Funds and spirits raised

By Lisa Schulz

Only at Columbia could a night of faculty and staff members voluntarily covered in face paint, fake mustaches and silly masks add up to one of the most productive scholarship fundraisers the college has ever had.

Attendees participated in the third annual Faculty and Staff Scholarship fundraiser on Oct. 25 at Stage Two in the 618 S. Michigan Ave. Building. The event included a silent auction, live music and dance, a talent show, a film screening and a poetry reading. The goal was to exceed the fund’s current balance of $160,000.

Pattie Mackenzie, chair of the event and assistant dean of the School of Media Arts, said the total would not be available until the week after press time.

“It’s great—all these wonderful-looking people in strange outfits and great bands,” said Mark Kelly, vice president of Student Affairs, who was dressed as a Minotaur. “My hat goes off, or should I say my horns, to the organizers of this,” Kelly said. “I love the feel of it and what they’re doing.”

Most of the fundraising was through the silent auction, where party-goers could bid on—as well as sell—any of the items, from handcrafted trinkets and paintings to restaurant gift cards and “Lunch’n’Learns.”

The lunch opportunity was auctioned by Dominic Pacyga, Humanities, History and Social Sciences professor—and allowed bidders to have lunch and an intelligent conversation with him, said Pattie Mackenzie, chair of the event and assistant dean of the School of Media Arts.

Although the auctioned items are donated, the 2011 fundraiser goal may be hard to achieve because faculty and staff have not had a raise, Mackenzie said.

Each dollar donated to the scholarship fund is matched by the college, unless alumni donate a dollar to the scholarship outside of the event. Then, the college adds an additional dollar.

“It’s way too much work when you’re volunteering your time to do it,” Mackenzie said. “It’s really a strain.”

The vastness of the 160-item auction also allows members to explore other departments’ artwork and discover artistic talent that faculty and staff may not otherwise get a chance to display, she said.

“It’s not just a party to have fun,” said Wayne Tukes, event committee member and college adviser. “It’s also to build a sense of community and raise resources for students.”

Tukes said he’d like to see a continuation of new members in order to contribute the most innovative ideas each year.

The committee currently has 25 volunteers, which grew from “a handful” last year but isn’t enough to sufficiently expand the event in the future, Mackenzie said.

A lack of committee members limited the overall attendance capacity to only faculty and staff this year, as it was in previous years, beside student participants from Mackenzie’s Organizational Behavior course in the Arts, Entertainment and Media Management Department.

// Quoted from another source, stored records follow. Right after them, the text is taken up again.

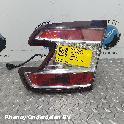 View Auto part ACHTERLICHT R RENAULT MEGANE 2010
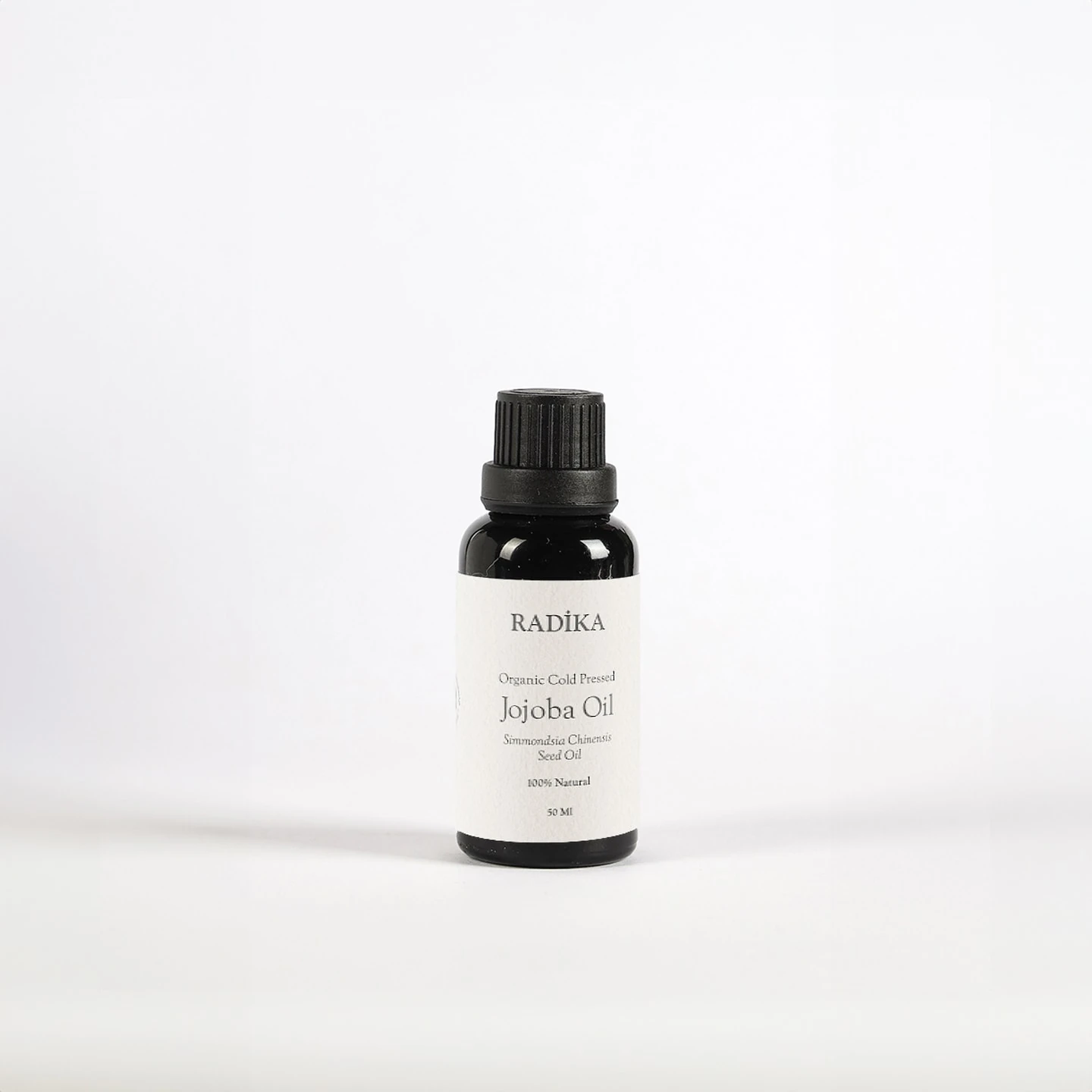 Jojoba Yağı | Organik | Taşıyıcı Yağ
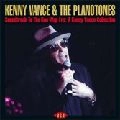 KENNY VANCE / ケニー・ヴァンス / SOUNDTRACK TO THE DOO WAP ERA : A KENNY VA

But with the growing amount of members and new additions to the event, such as the screenings and readings, Mackenzie said preparing for the event was both hard work and a joy. In the future, she’d like to get alumni and students involved, she said.

Kim Livingstone, executive assistant for Campus Environment and Master of Fine Arts alumna, bucked the trend of non-participation by alumni because she was part of the committee.

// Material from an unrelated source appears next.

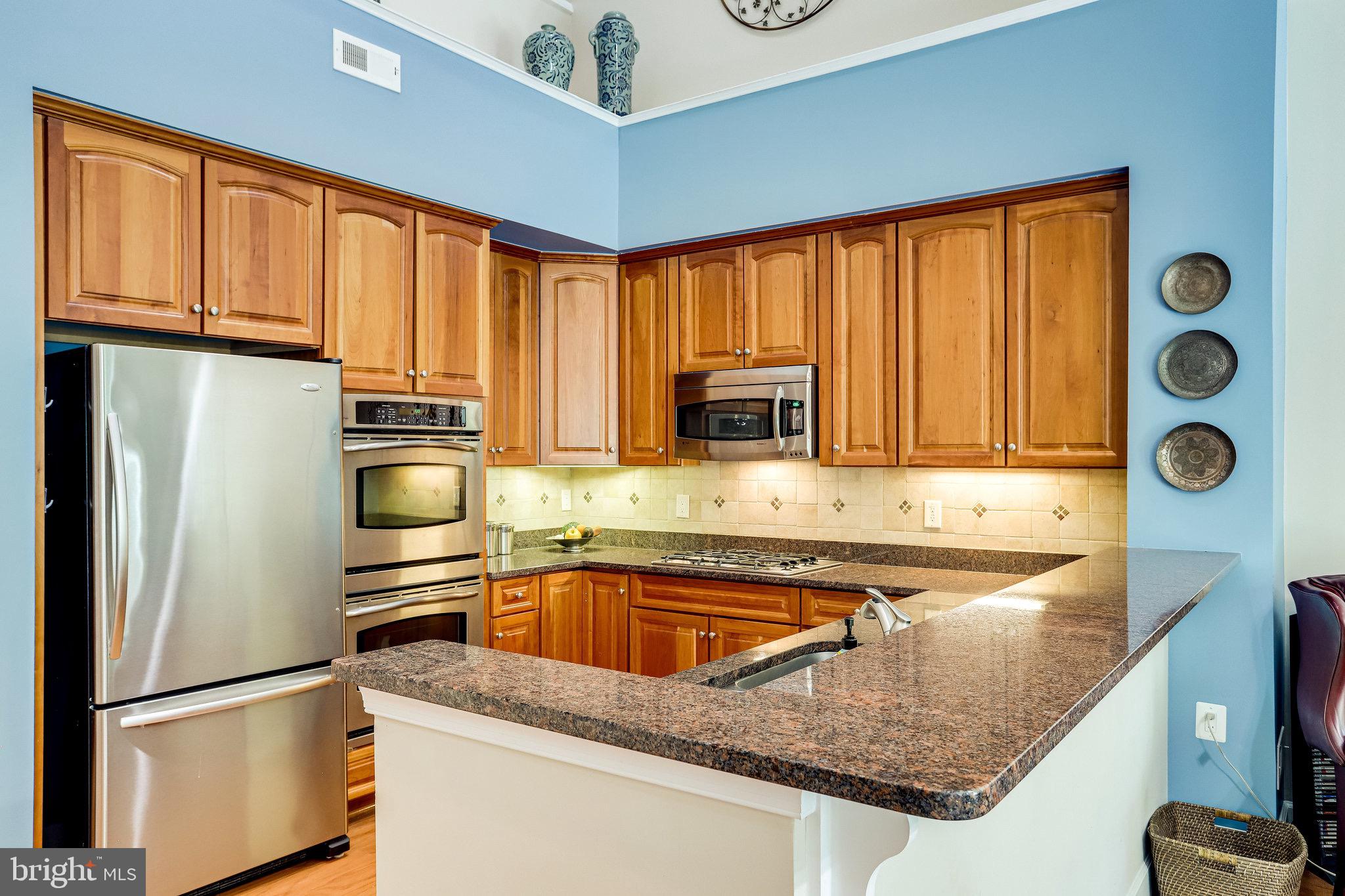 POTOMAC GREEN - Residential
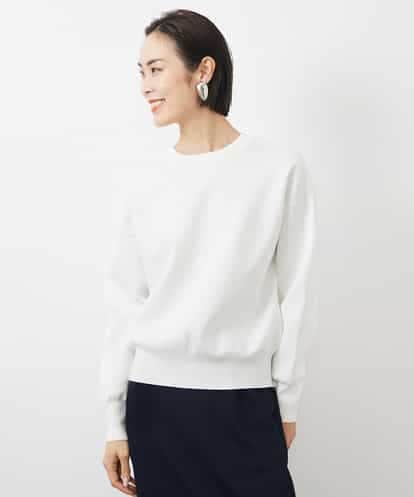 FMFDA02290 MICHEL KLEIN ［2WAY］ニットカーディガン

She said participating in the event gave her an opportunity to meet members of the college and make a difference from a student’s perspective.

“[I’m] very happy with the turnout,” Livingstone said. “Hopefully we can continue this year after year and raise as much money as we can for scholarships for students to continue their education, go out into the world and come back and give to Columbia.”